Hello folks. Have any of you put a cargo box like a Yakima Rocketbox on the roof rack of your X trail?


----------



## Thorongil (Mar 18, 2005)

YA, because I was thinking of doing it. Putting a rocket box on there. Any one at all put any thing on the factory roof rack?


----------



## manuelga (Dec 14, 2003)

Me: A Yakima luggage rack.


----------



## Thorongil (Mar 18, 2005)

So I went ahead and stuck a THULE adventurer box on it....looks good. Holds a ton of gear....Pics in the Post pics of your X trail thread eh.


----------



## ViperZ (Feb 9, 2005)

Thorongil said:


> So I went ahead and stuck a THULE adventurer box on it....looks good. Holds a ton of gear....Pics in the Post pics of your X trail thread eh.


Thorongil, Great show, way to show us pictures and by posting your experiences with your set-up. :thumbup: 

I have a Yakima Rocket Box and rack that we use on our Honda Accord. I hope to use the Rocket box on the XTy as well. I have to get the racks for it yet. I'm undecided as to if I shoul dget the Factory racks or the Renault towers that are suppose to fit the XTy while using my Yakima bcross bars.


----------



## Thorongil (Mar 18, 2005)

Apparently Yakima and THULE have nothing (racks) to fit the Xtrail yet. I was told while shopping for the cargo box. Reason being the Xtrail is a Canada only vehicle. All testing...etc...is done in the US. So it is low priority for R & D.


----------



## ViperZ (Feb 9, 2005)

Yes, I had talked to Yakima US, and they had stated the same. However I'm told that a particular Renault Tower set will fit the XTy  

Still I'm probably going to get the factroy racks, I just don;t need them yet and have some time to decide.

If you go to the Thule UK site, they list the X-Trail I believe


----------



## manuelga (Dec 14, 2003)

I got a Renault's Scenic & the Yakima Clips that work for she, also matches the X-Ty, Clips are: *Q41*, worth a look at a Yakima warehouse there to see the correct fitment.

I guess the Q41 are some kind of Universal clips for European cars with hidden clips place like some Renaults & Opels.

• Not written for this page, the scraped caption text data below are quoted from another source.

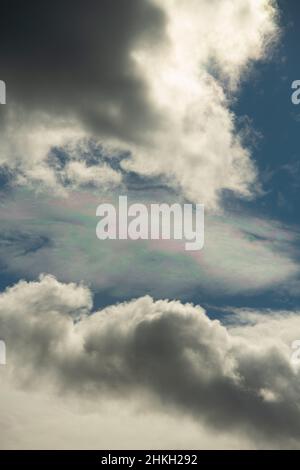 Verschiedene Farben in Wolke am blauen Himmel zwischen weißen Wolken Blaupinken und Grünsonnen Reflexion in Wolken am blauen Himmel atmosphärische Wirkung oben Stockfoto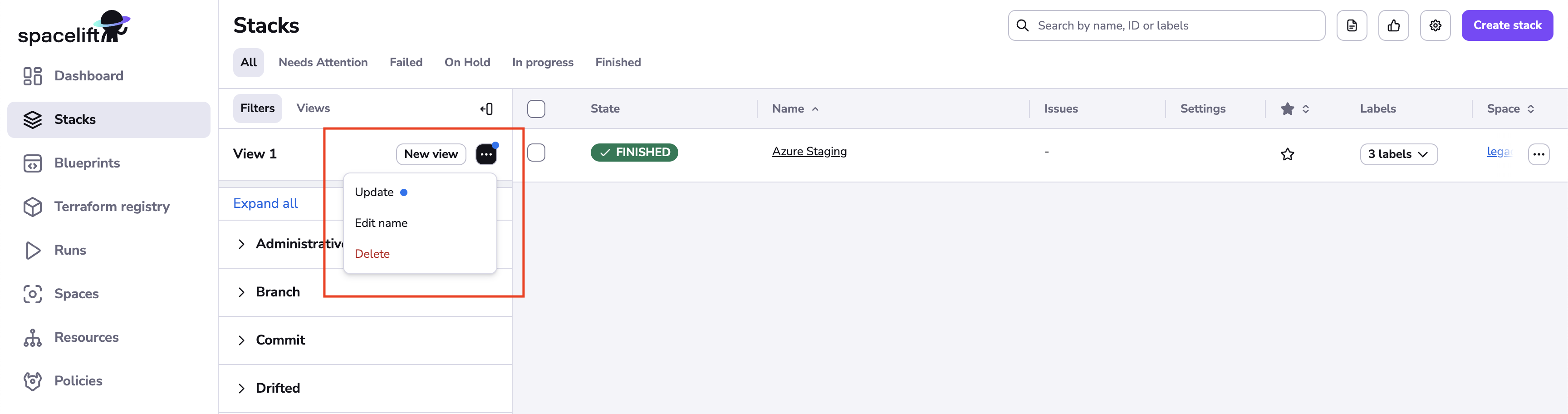 Manage view menu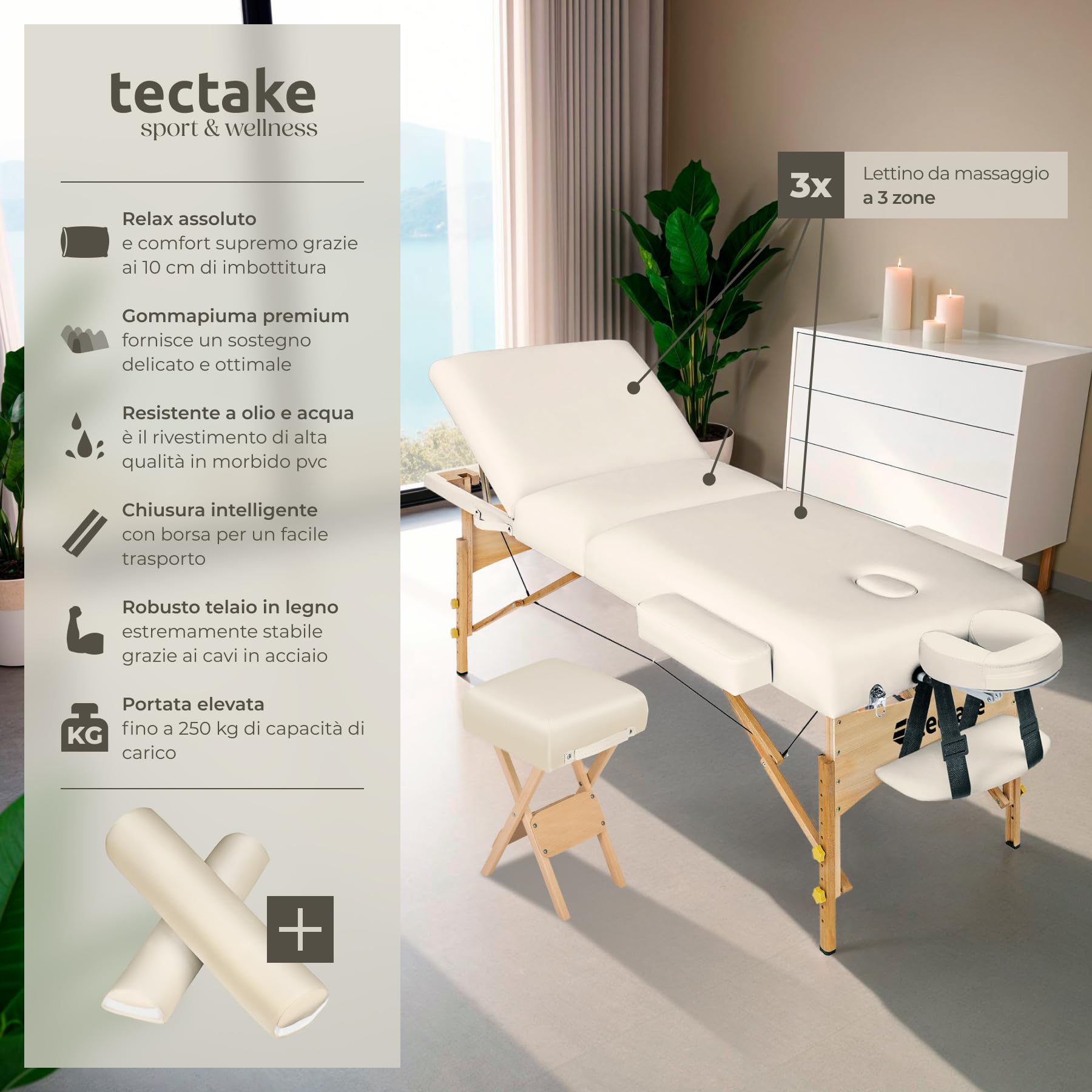 tectake® Lettino Massaggio portatile, Morbida Imbottitura, Poggiatesta, letto pieghevole, Legno, lettino estetista, fisioterapia, Lettino Tattoo - Beige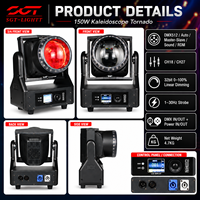 Projecteur de scène à tête mobile RGB 150W Tornado Kaleidoscope Beam Wash DMX512 RDM 32 bits avec gradation et effet oscillant 18 canaux pour concert
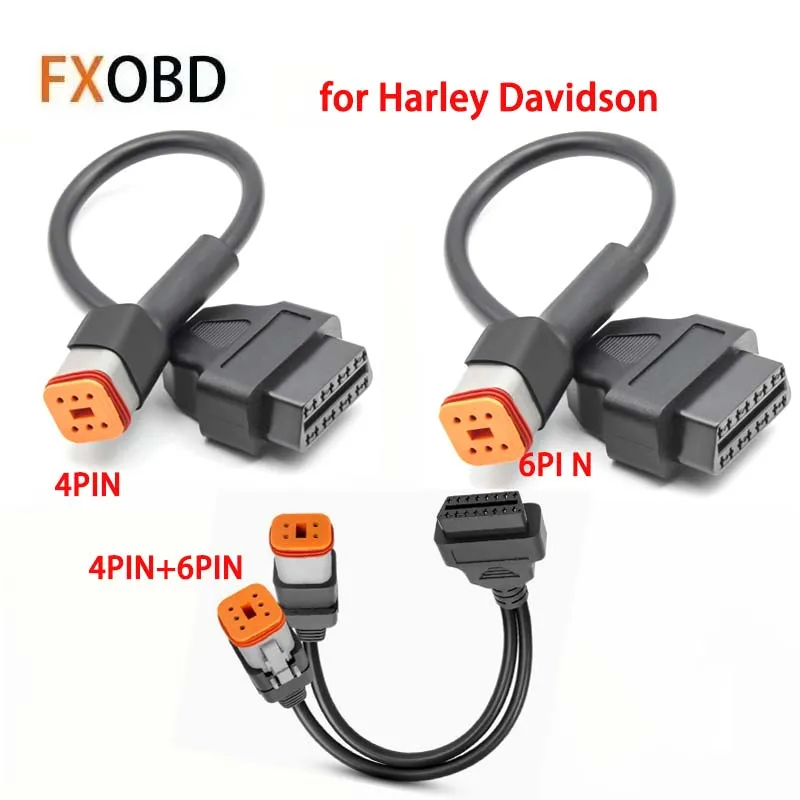 Мотоциклетный 6-контактный 4-контактный адаптер «два в одном» к OBD2 для Harley Davidson MotorBIKE OBD2 диагностический сканер адаптер кабель OBD сканер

Take a look at here: http://www.rackattack.com/exdyakima-8005.asp?id=355


----------



## ViperZ (Feb 9, 2005)

manuelga said:


> I got a Renault's Scenic & the Yakima Clips that work for she, also matches the X-Ty, Clips are: *Q41*, worth a look at a Yakima warehouse there to see the correct fitment.
> 
> I guess the Q41 are some kind of Universal clips for European cars with hidden clips place like some Renaults & Opels.
> 
> Take a look at here: http://www.rackattack.com/exdyakima-8005.asp?id=355


Hey Manuelga, woould you be able to take some pictures or your rack and maybe a closeup of the clamp to the Nissan rails?


----------



## Oreo (Nov 5, 2004)

I have a Thule system, almost every attachment, and I got a TK6 fit kit (one for the Honda CRV) and had my dealer drill another hole in the attachment so that it will bolt onto the factory roof mount of the Xtrail.

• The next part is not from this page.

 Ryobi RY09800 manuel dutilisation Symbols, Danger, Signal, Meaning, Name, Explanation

I would assume Yakima has a similar kit, usually the two companies are hand in hand with attachments and parts.

Greg


ViperZ said:


> Yes, I had talked to Yakima US, and they had stated the same. However I'm told that a particular Renault Tower set will fit the XTy
> 
> Still I'm probably going to get the factroy racks, I just don;t need them yet and have some time to decide.
> 
> If you go to the Thule UK site, they list the X-Trail I believe


----------



## manuelga (Dec 14, 2003)

ViperZ said:


> Hey Manuelga, woould you be able to take some pictures or your rack and maybe a closeup of the clamp to the Nissan rails?

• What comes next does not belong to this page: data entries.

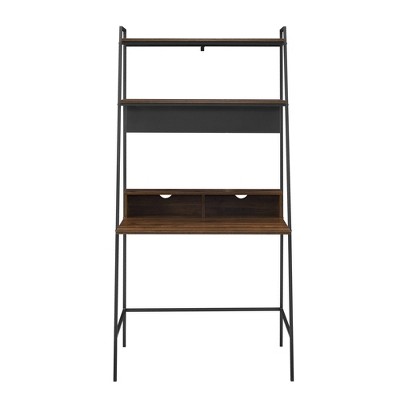 Open Storage Ladder Bookshelf, Ladder Bookcase With Drop Down Desktop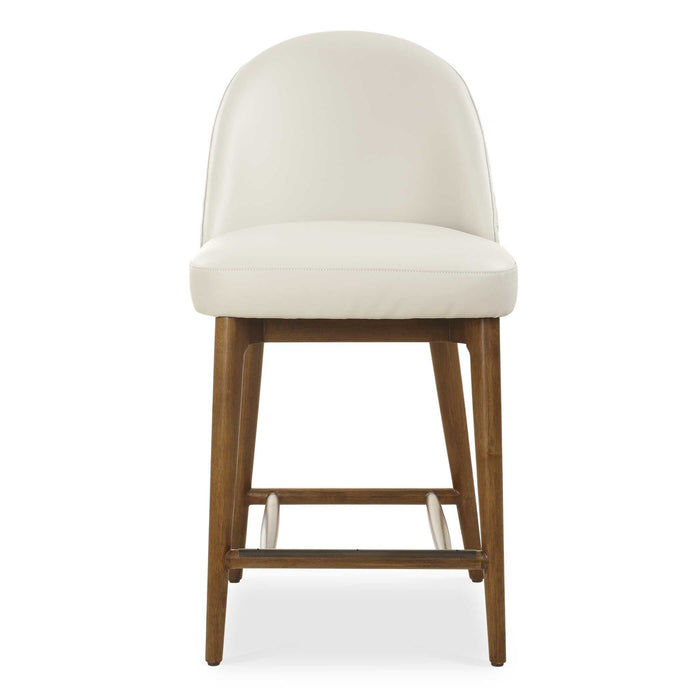 Stitches - Leather Counter Stool - White / Brown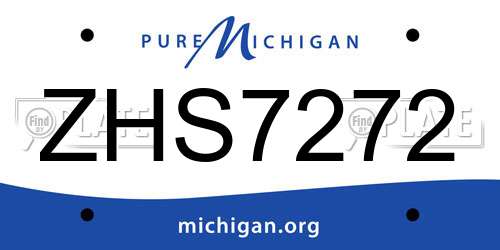 ZHS7272 Michigan License Plate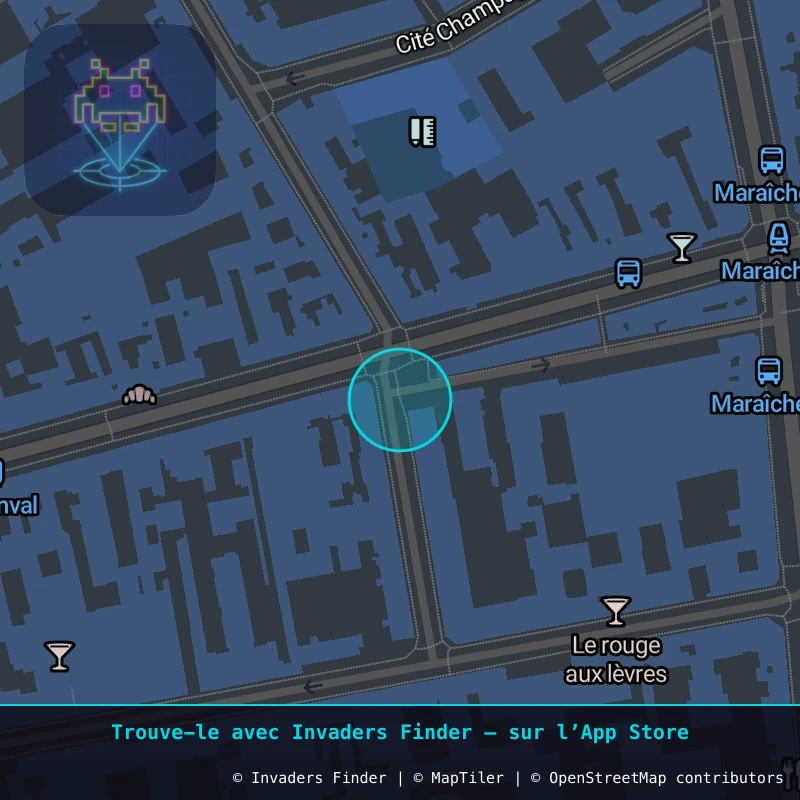 Zone approximative de l'invader PA_1116, dans le quartier 20e arrondissement de Paris à Paris. Emplacement exact disponible dans l'app Invaders Finder.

Actually Rack is above the Sentra, I could fit at the Xty tomorrow, a couple pics of the Clips:


----------



## ViperZ (Feb 9, 2005)

Excellent Manuelga! 

So how do those ruber coated brackets work? I suppose I'll have to see them on the XTy. I appreciate the trouble your going through to show me, thanks a lot :thumbup:


----------



## manuelga (Dec 14, 2003)

It's a Steel Clip & comes with a adhesive protectant (close than rubber) to avoid damage the car finish, anyway, I'll install the rack at my X-Ty tomorrow.


----------